The City University of New York has long acted as a locus of broader struggles for working people’s right to thrive in New York City. At present, multiple campaigns are co-emerging to transform the university and the city with a potential impact not seen in decades. CUNY adjunct faculty’s demand for “$7k or Strike” in the current union contract is amassing the power to strike so as to double their salaries and move toward pay equity. CUNY and NYC opposition to Amazon’s proposed $3 billion headquarters in Queens could overturn the mayor and governor’s decision before construction begins. In the face of bigoted faculty members hiding behind “free speech,” women students of color-led coalitions are using media and Black feminist pedagogies to resist how “academic freedom” and Title IX policies may actually protect hate speech. As well, nearing the 50th anniversary of the 1969 City College Strike that created a wave of CUNY Ethnic Studies programs, students are reviving demands to reinstate or defend existing Ethnic Studies to decolonize our curriculum.

In this special roundtable hosted by the Free University of New York City, we will hear from the following:

Amelia Fortunato (she/her) is a CUNY Graduate Center PhD student, John Jay College faculty, and member of CUNY Struggle. Amelia will contextualize the “$7k or Strike” campaign, briefly outlining the history of this rank-and-file rebellion at CUNY; explain the current organizing goals, strategy, and tactics; and discuss the challenges of organizing a strike with union leadership support while navigating the anti-strike Taylor Law.

Sarah Gee (she/they) is a Brooklyn College student and member of the Brooklyn College Student Union, Students for Justice in Palestine, and Fuck Off Amazon. Sarah will discuss the groundswell opposition to Amazon HQ2, which could bring gentrification, over-policing, and displacement, while multiple city services like NYCHA, the MTA, CUNY, and the K-12 public schools system fall apart from disinvestment.

Shayhan Lewis (she/her) is a Brooklyn College student and member of the Brooklyn College Student Union. Shayhan will share how campus coalitions were built to foreground women students of color in the face of racist and sexist faculty statements, and how documentary media and Black feminist pedagogies contribute to raising an intersectional framework of social justice towards fundamentally changing the university.
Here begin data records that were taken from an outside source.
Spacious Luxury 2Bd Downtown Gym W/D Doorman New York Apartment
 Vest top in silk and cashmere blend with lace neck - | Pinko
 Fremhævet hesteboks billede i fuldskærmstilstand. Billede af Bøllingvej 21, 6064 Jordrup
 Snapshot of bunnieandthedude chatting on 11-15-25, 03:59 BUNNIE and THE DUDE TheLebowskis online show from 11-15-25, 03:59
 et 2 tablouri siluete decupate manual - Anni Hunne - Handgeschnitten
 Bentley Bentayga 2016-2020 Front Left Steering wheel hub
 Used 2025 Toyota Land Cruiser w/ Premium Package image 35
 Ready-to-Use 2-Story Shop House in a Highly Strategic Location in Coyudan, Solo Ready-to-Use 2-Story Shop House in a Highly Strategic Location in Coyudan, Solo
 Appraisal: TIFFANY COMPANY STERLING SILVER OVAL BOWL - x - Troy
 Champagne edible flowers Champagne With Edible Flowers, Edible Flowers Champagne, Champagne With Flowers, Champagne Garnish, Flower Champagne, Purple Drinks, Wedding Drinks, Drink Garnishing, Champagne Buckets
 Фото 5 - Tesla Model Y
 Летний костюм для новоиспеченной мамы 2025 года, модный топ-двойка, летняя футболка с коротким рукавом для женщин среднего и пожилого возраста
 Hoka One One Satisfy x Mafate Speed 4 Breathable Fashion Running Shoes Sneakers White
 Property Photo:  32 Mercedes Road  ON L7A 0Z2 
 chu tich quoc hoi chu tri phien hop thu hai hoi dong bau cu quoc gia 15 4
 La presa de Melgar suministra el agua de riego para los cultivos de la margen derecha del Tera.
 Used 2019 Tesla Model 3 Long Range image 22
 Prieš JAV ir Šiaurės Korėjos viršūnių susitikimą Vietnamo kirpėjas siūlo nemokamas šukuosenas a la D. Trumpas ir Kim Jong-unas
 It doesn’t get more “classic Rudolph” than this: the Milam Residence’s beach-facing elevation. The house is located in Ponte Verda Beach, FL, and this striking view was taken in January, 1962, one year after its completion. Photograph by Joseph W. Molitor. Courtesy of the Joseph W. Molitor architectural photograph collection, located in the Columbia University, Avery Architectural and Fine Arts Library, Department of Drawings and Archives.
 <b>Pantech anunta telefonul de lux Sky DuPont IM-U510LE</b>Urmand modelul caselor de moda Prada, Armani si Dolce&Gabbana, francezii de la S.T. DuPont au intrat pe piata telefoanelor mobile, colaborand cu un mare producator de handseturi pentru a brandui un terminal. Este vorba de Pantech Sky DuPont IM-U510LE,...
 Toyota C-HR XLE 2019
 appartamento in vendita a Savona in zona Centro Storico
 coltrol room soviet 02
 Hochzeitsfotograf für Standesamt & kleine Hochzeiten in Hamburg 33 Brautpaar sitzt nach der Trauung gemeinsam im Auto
Sabrina Rich (she/her) is a Hunter College student and member of The Coalition for the Revitalization of Asian American Studies at Hunter (CRAASH). Sabrina will focus on the fight for an Asian American Studies Department at Hunter College, and will also discuss how the underfunding of Ethnic Studies goes hand in hand with the exploitation of adjuncts and the severe lack of resources for students of color.

Conor Tomás Reed (no pronouns), who will moderate the roundtable, is a CUNY Graduate Center PhD student, Brooklyn College faculty, and co-founding participant in the Free University of New York City.

Closing Discussion (5:30-6:00)
Final discussion with all participants.